# Mechanical computer uses matchboxes and beans to learn Tic-Tac-Toe

James sez, "I just completed a working build of Donald Michie's MENACE (Matchbox Educable Noughts And Crosses Engine), an early (1960) example of machine learning. MENACE uses 304 matchboxes to play Noughts and Crosses (or Tic Tac Toe in the US) - and learns over time to play it better. I built it for a talk at the UK games conference Playful, about Awesomeness and Miracles, particularly focussing on the work of Charles Babbage - and culminating in a surprisingly large version for playing Go..."

MENACE is a machine that plays noughts and crosses, built out of 304 matchboxes. Each matchbox corresponds to one of the 304 board layouts that the opening player might face (there are actually 19,683 possible board layouts, but we only need to calculate the opening player's first four moves, and many are rotationally or reflectively identical). In turn, each matchbox contains a number of glass beads corresponding to each possible next move. When it is MENACE's turn to play, the operator simply selects the matchbox corresponding to the current state of play, shakes it, and opens it to see which move has been chosen. Each matchbox contains a small nook into which one bead falls--and MENACE plays in the square corresponding to that bead.

But what's really clever is that MENACE learns. Every time it wins a game, an additional bead is added to each matchbox played, corresponding to each winning move. Likewise, every time it loses, a bead corresponding to each losing move is removed. As a result, over time, MENACE becomes more likely to play moves that have previously resulted in wins and less likely to play moves that have resulted in losses.

A New THEORY of AWESOMENESS and MIRACLES Being NOTES and SLIDES on a talk given at PLAYFUL 09, concerning CHARLES BABBAGE, HEATH ROBINSON, MENACE and MAGE

### 22

1. Klaus Ã†. Mogensen says:

IIRC, that’s the method used in Fred Saberhagen’s first Berserker Story “”Without a Thought” (a.t. “Fortress Ship”) from 1963.

2. Church says:

Wasn’t this method used in one of Saberhagen’s Berserker stories? IIRC, it was used to teach a sort of alien monkey the rules of a game so that it could defeat a Berserker (the plot points that made this a necessity escape me.)

3. Felix Mitchell says:

Eventually each box will only contain one type of bean, which will represent perfect play.

So this approach only works for games where a perfect strategy exists… and surely Go is not one of those? My mind boggles at how many matchboxes you’d need for Go.

4. Tynam says:

@Felix: Actually, Go is one of those.

Formally: Go is a zero-sum finite perfect
information game; all such games have an equilibrium point in pure strategies.

Skipping the game theory jargon: Go has a perfect strategy, and in principle it’s findable by MEGoE, the Matchbox Educable Go Engine. Of course, Go is very deep and would require very many matchboxes. So we have no idea what the winning strategy is. But there is one. Either Black can always win, or White can, or both players can guarantee a draw.

5. Felix Mitchell says:

Tynam:

I’m guessing you’d need a shit ton of beans too – since each matchbox must contain enough beans for each subsequent path to be tried once.

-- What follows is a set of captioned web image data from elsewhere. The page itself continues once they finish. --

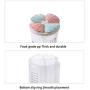 Homespace 3 Pack Food Storage Containers with Lid, Petal Sealed Tank Dry Goods Food Storage Box Household Transparent Plastic Kitchen Grains Sealed Storage Jar
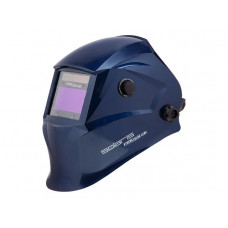 Щиток сварщика с самозатемняющимся светофильтром Solaris ASF650Х (синий металлик)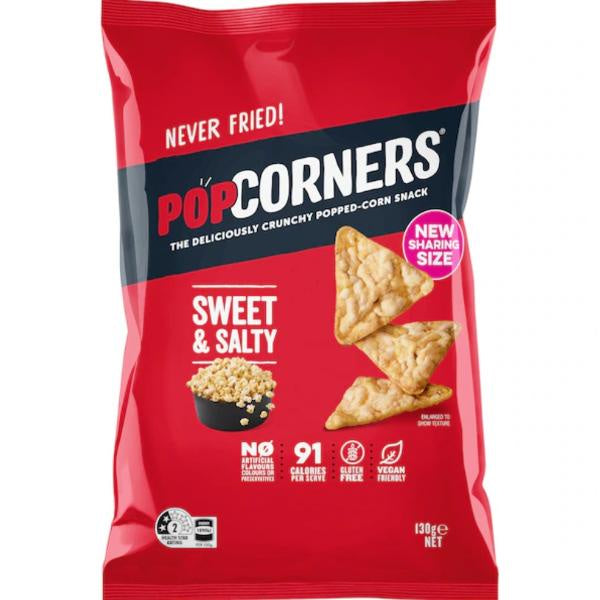 Popcorners Sweet & Salty Gluten Free Popped Corn Snack 130g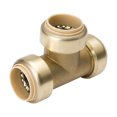 thumbnail image 1 of Mueller Streamline Pipe Tee ProLine Series - 3/4 In Push-Fit Brass - Bronze, 1 of 2
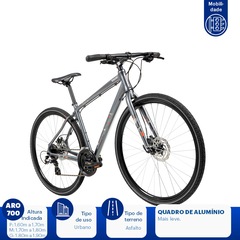 Bicicleta Caloi City Tour Sport - Aro 700 - Freio a Disco Shimano - Câmbios Shimano - 18 Marchas - Foto 2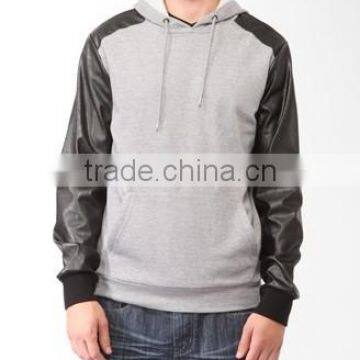 Best Quality Leather Sleeves Hoodies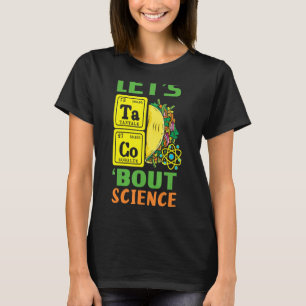 Camiseta Taco Science Periódica Mesa Mexicana Cinco D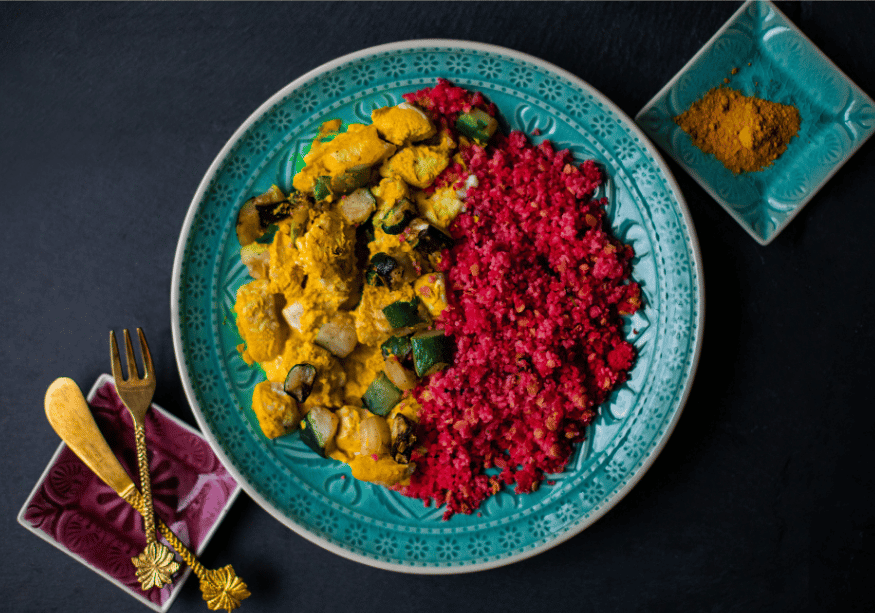 Poulet, courgettes & couscous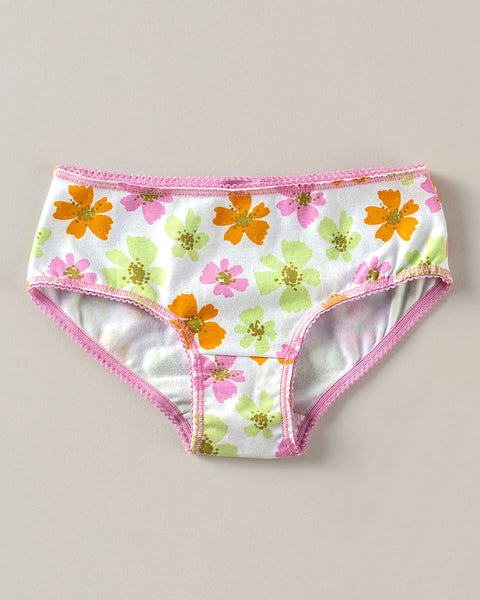 Paquete x 3 panties clásicos en algodón suave para niña#color_s23-flores-pinas-marfil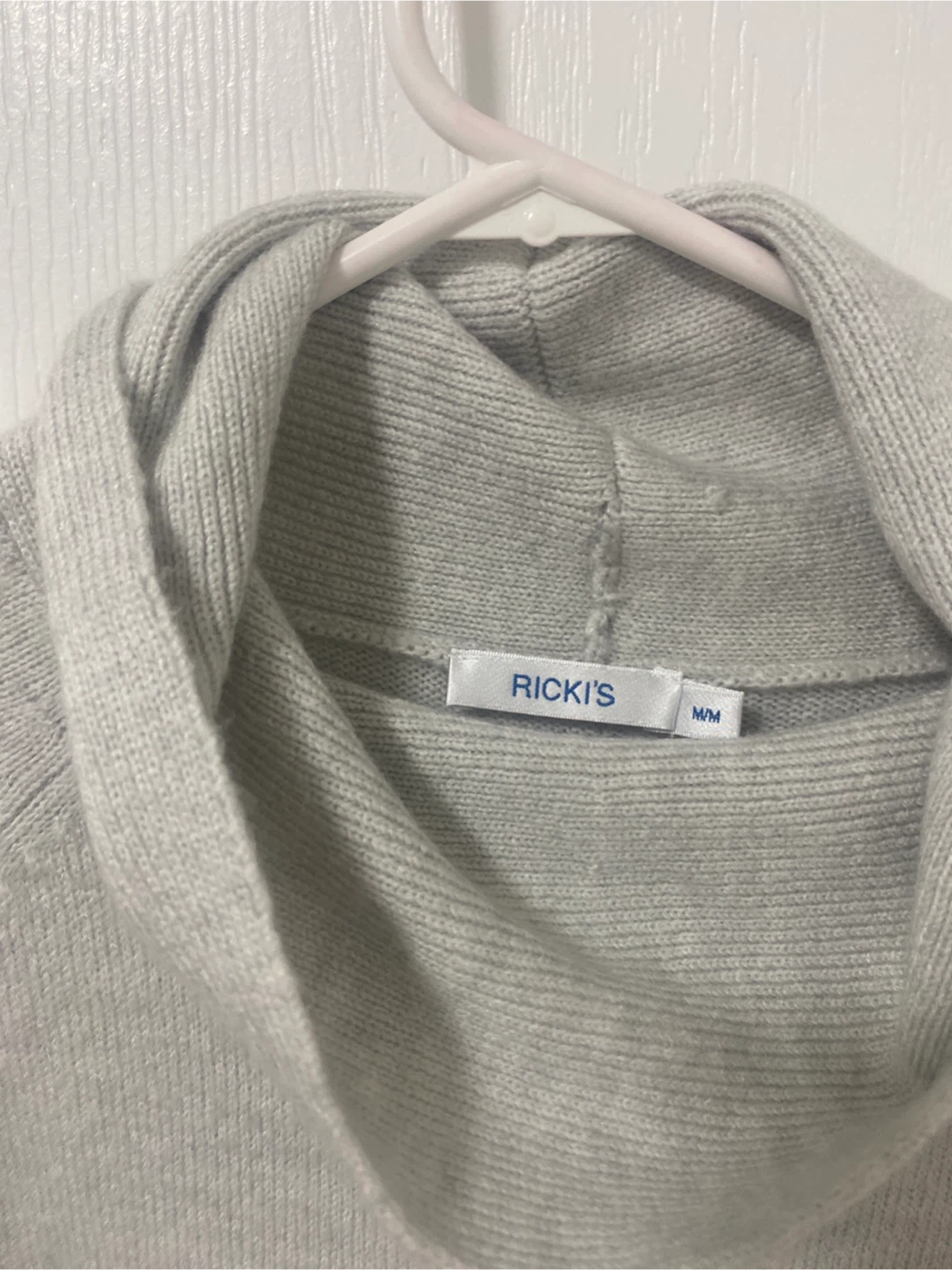 RICKI'S Grey Tunic Sweater - Size M - photo 2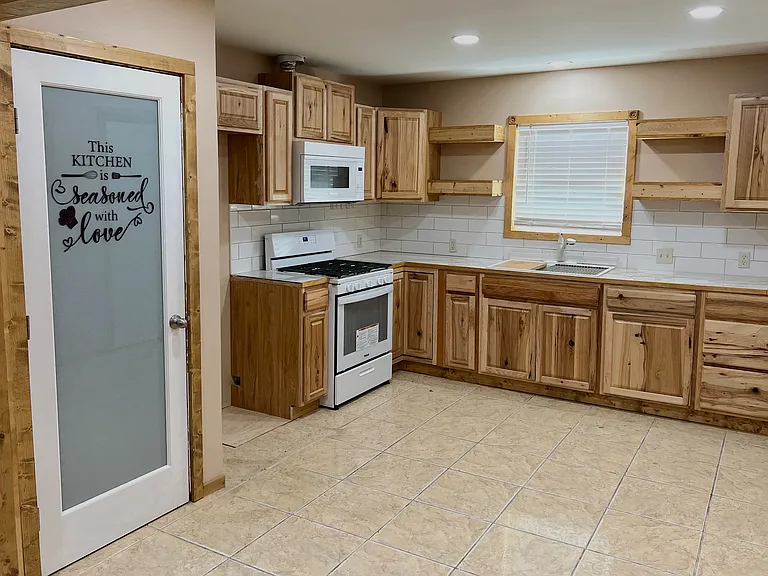Beautiful open concept kitchen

The first matchbox would need as many beans as there are games of Go.

1. octopod says:

a hill of beans indeed. number of boxes would be ~10^170 vs number of atoms in the universe 10^81

6. chazlarson says:

I made one of these for the elementary school Math Night a couple years ago. The kids had fun with it. Virtually no one believed that a bunch of matchboxes would learn in short order to be unbeatable, but it was fun to watch it happen as the kids took turns playing games against it.

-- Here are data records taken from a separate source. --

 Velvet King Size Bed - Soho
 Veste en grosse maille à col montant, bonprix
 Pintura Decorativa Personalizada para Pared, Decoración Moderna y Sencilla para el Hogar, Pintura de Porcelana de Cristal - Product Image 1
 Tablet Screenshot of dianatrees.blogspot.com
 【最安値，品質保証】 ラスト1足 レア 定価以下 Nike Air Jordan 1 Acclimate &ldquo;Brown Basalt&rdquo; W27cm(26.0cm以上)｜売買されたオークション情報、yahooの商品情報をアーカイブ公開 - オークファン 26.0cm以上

I learned about it from a Martin Gardner book.

7. MattF says:

I guess I’ll be Mr. Wet Blanket here. What’s the big deal? Given that tic-tac-toe is very finite, any plausible strategy with a memory will eventually figure it out– and in less than one human lifetime. In fact, this particular strategy looks to me to be a good candidate for ‘least optimal method that will always work in a finite period of time’. Am I missing something?

1. SamSam says:

Um, I don’t think it’s supposed to be that surprising to you. More that it’s surprising to kids that a bunch of matchboxes might be able to “learn” a game.

It also teaches the basics of machine learning, the idea that “memory” might be implemented using beans, and even a rudimentary idea of an evolutionary algorithm (the original set with all the beans represents a large genetic pool; the fitness is the ability to win the game; and the system evolves to find the perfect solution).

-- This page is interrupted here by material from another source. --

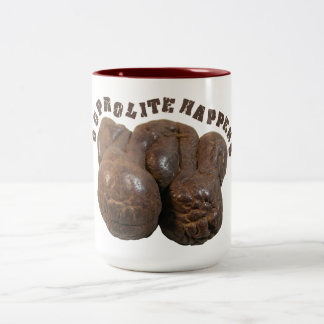 Caneca De Café Em Dois Tons Coprolite Acontece Dinossauro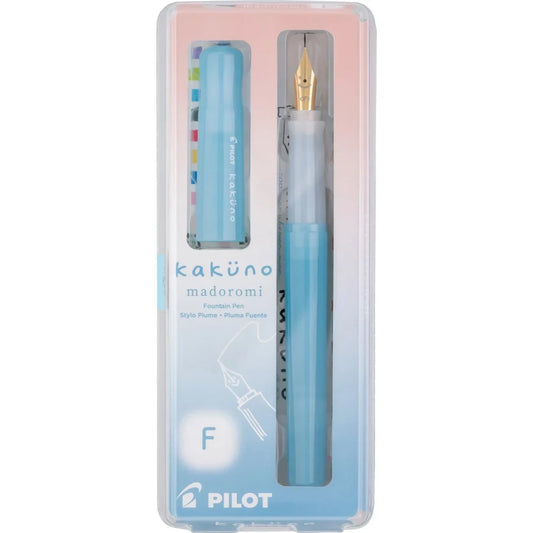 Pilot Kakuno Madoromi Fountain Pen — Gold Nib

Also, it’s like a mechanical computer. A difference engine. What’s not to like?

8. k012957 says:

I remember making one of these while in Jr. High school in the late sixties. Only I remember it being a four-by-four grid with pawns. Unfortunately, I don’t remember what magazine it was in.

1. SamSam says:

I remember this being applied to a different game, and it may also have been the one that k012957 referred to. Actually, over the years I’ve kept remembering it and wishing I could recall how the game was played.

Basically, the game was a simpler version of tic tac toe, so one didn’t need to make 304 different match boxes in order to make a learning machine. Instead it was a project that probably only required 20-30 matchboxes, making it much simpler for an after-school group or kid on a rainy day to make and learn about.

If anyone can recall the simpler version of the game, I’d love to hear it.

9. Anonymous says:

I am very grateful to whoever posted this…

My scholarship is personal and self directed and I sometimes take a long time to discover what I’m looking for. I have imagined but failed to produce something quite like this for years…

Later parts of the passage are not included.